UN ANGE MONDIALEMENT CONNU
Il est là, discret, presque caché dans l’immensité de la Cathédrale Notre-Dame d’Amiens et pourtant, il fascine depuis des siècles : on vous parle aujourd’hui de l’Ange Pleureur d’Amiens, une petite sculpture devenue une véritable icône mondiale ! On est au XVIIe siècle, le sculpteur amiénois Nicolas Blasset réalise une œuvre funéraire pour le tombeau du chanoine Guilain Lucas, rien d’inhabituel pour l’époque sauf que cette petite figure va traverser les siècles et marquer les esprits bien au-delà d’Amiens... L’Ange, ou plutôt ce petit enfant ailé, est accoudé à un crâne, sous sa main un sablier, son regard est baissé, son visage empreint de tristesse, en une seule scène, tout est dit : le temps qui passe, la fragilité de la vie, la mort inévitable... un rappel simple mais puissant que tout peut s’arrêter à n’importe quel moment, c’est ce qu’on appelle un "memento mori" ! Et puis il y a cette émotion, cet ange ne fait pas peur, il touche, il semble presque humain, certains disent qu’il représente la peine des enfants que le chanoine aidait de son vivant, d’autres y voient une image universelle du deuil, une chose est sûre : il ne laisse personne indifférent... Mais ce qui est fou, c’est que sa renommée dépasse largement Amiens : pendant la Première Guerre Mondiale, des soldats britanniques stationnés dans la ville tombent sous le charme de la sculpture, ils achètent des cartes postales, les envoient à leurs proches et sans le savoir, ils propulsent l’ange pleureur aux quatre coins du monde... aujourd’hui encore, il est probablement l’une des sculptures les plus connues issues de la Cathédrale ! Avec le temps, des histoires se sont construites autour de lui : certains racontent qu’il pleure vraiment, d’autres lui prêtent une aura mystérieuse... en réalité, il s’agit surtout d’une œuvre incroyablement bien réalisée, capable de provoquer une émotion sincère, même des siècles plus tard...

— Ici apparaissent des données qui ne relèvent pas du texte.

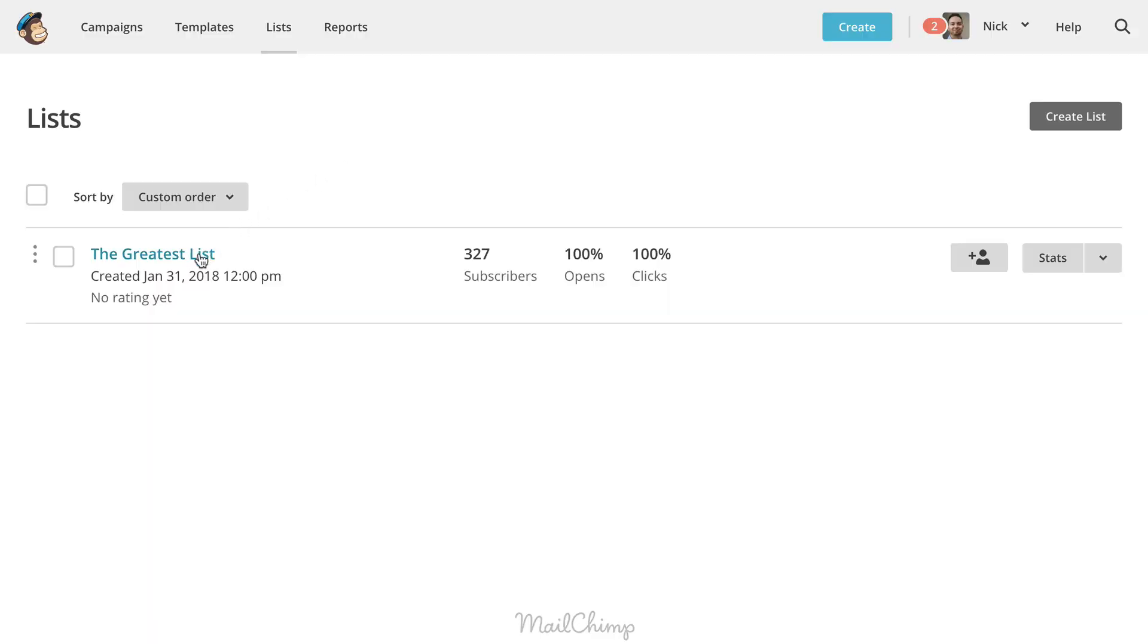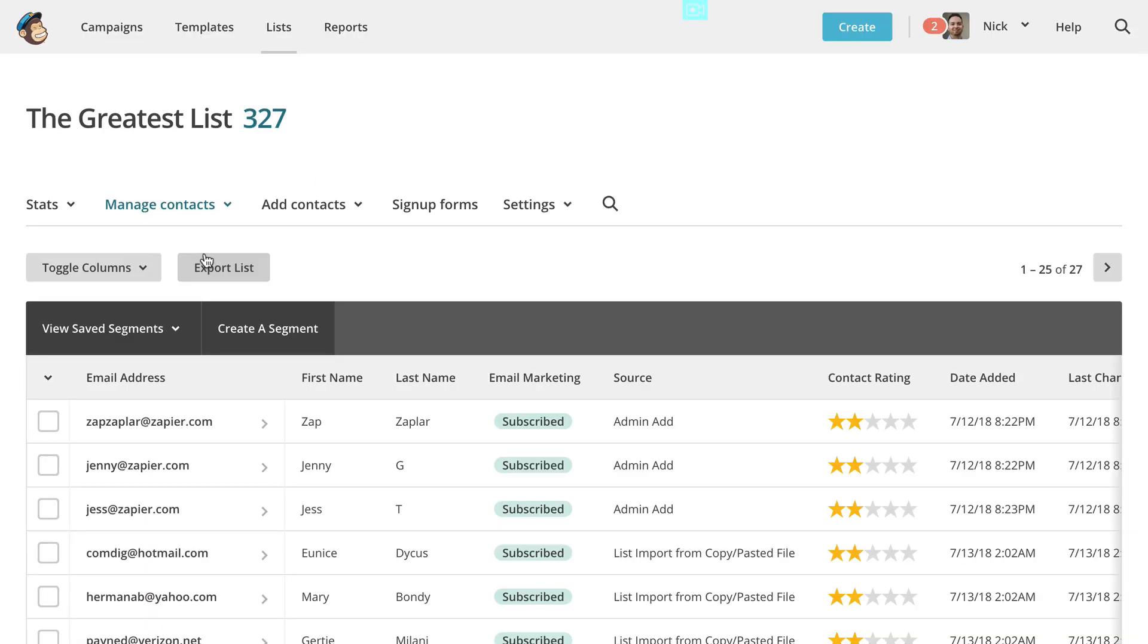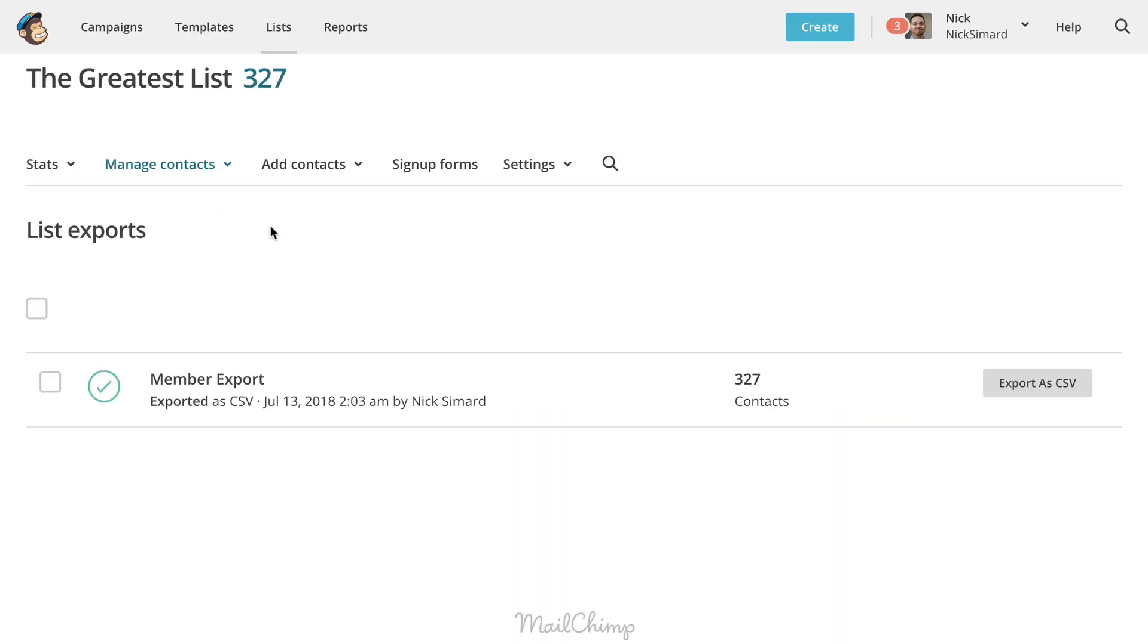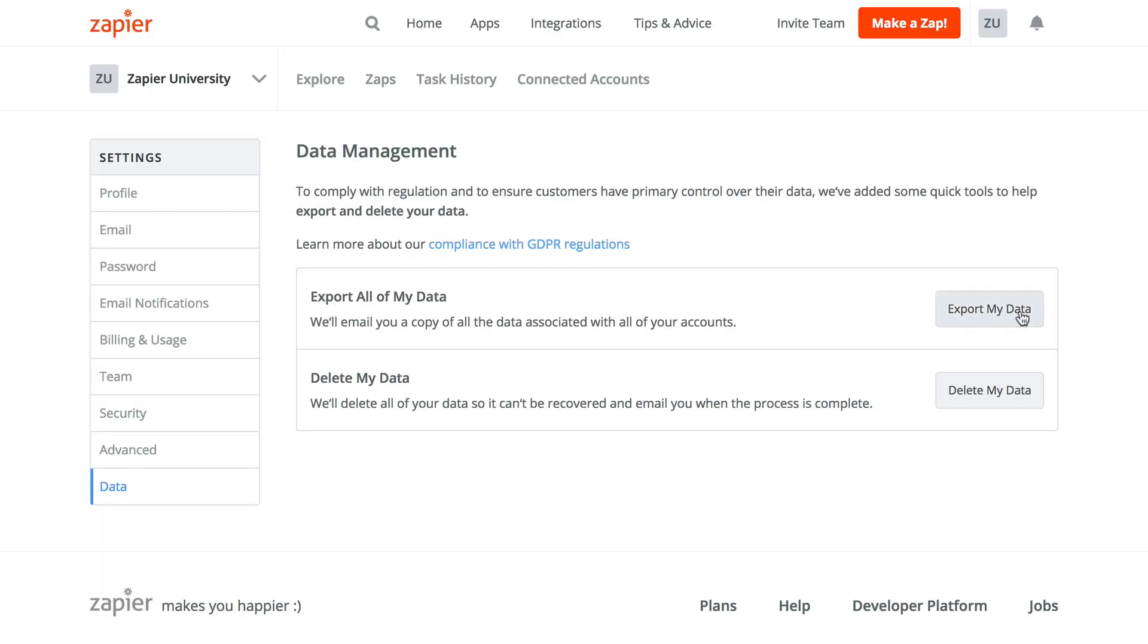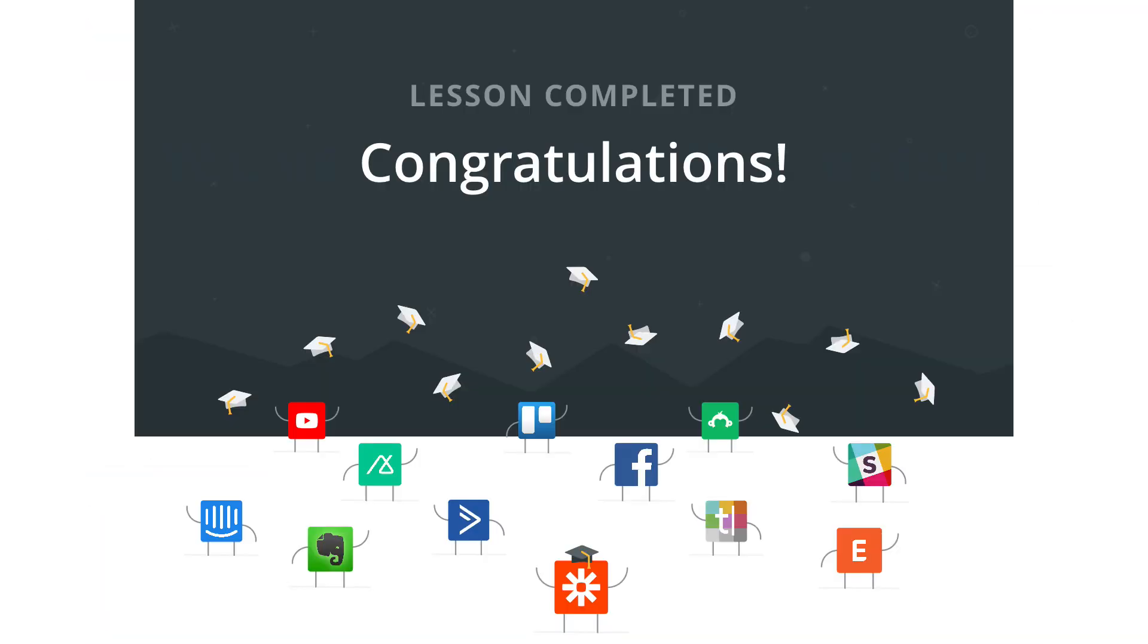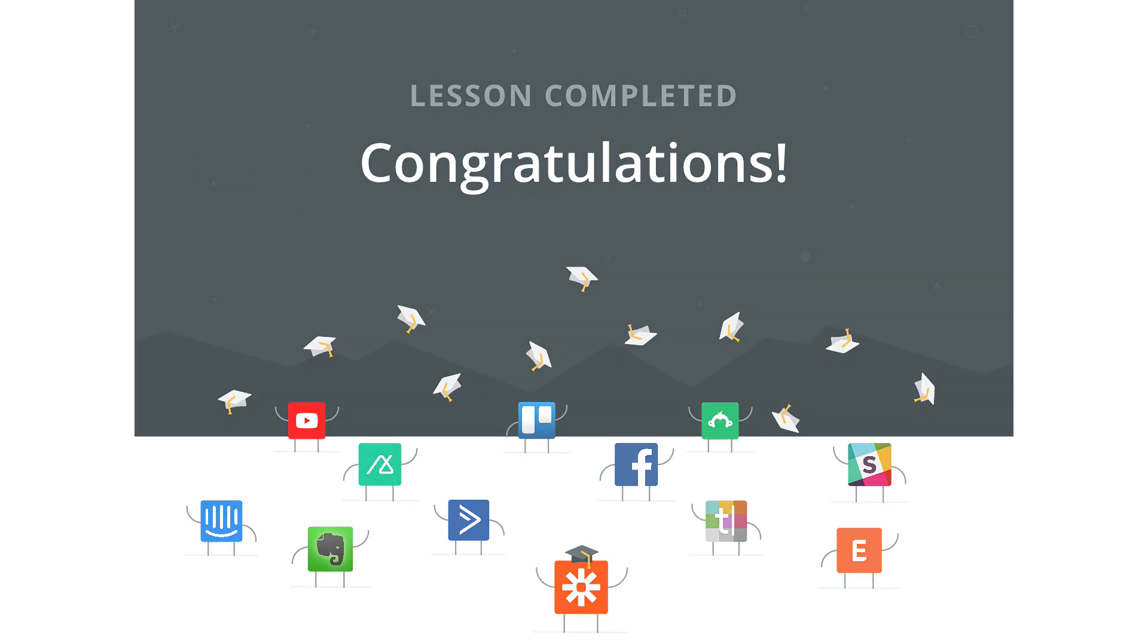Zapier offers you the ability to import data into our system if your source app can export your information. Not only that, but you can export your data from our service as well. Thanks for watching the video and if you have any more questions, check out our resources below.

NOUVEAU SOUFFLE POUR L’ORGUE
Ce week-end, la Cathédrale Notre-Dame d’Amiens a vécu un moment fort, rare, presque solennel : l’orgue historique, silencieux depuis plusieurs années en raison d’une restauration complète, a enfin retrouvé sa voix... près de 1500 personnes étaient présentes pour vivre ce réveil, dans une nef pleine d’écoute, d’émotion et de respect ! L’orgue de la Cathédrale est plus qu’un instrument de musique, il fait partie du paysage sonore et intime d’Amiens : son buffet remonte au XVe siècle, tandis que son âme sonore actuelle est héritée d’Aristide Cavaillé-Coll qui installe en 1889 un orgue symphonique romantique d’exception... il a traversé les guerres, les transformations, les silences mais il est resté un repère et une présence, même muette ! À partir de 2020, une restauration d’ampleur a été menée par les manufactures Muhleisen, DLFO et Gérard Grenzing : un travail précis, long, patient, qui a redonné souffle et équilibre à l’instrument... aujourd’hui, le nouvel orgue compte 70 jeux, 3 claviers, un pédalier, 6 plans sonores et 4481 tuyaux, prêts à remplir la Cathédrale d’une vibration profonde... Lorsque les premières notes ont résonné ce week-end, quelque chose s’est passé dans la nef... un frisson collectif, le sentiment de vivre un moment inscrit dans l’histoire de la ville, un instant où le patrimoine n’est plus seulement admiré : il est partagé... l’orgue est revenu et, avec lui, une part du souffle d’Amiens !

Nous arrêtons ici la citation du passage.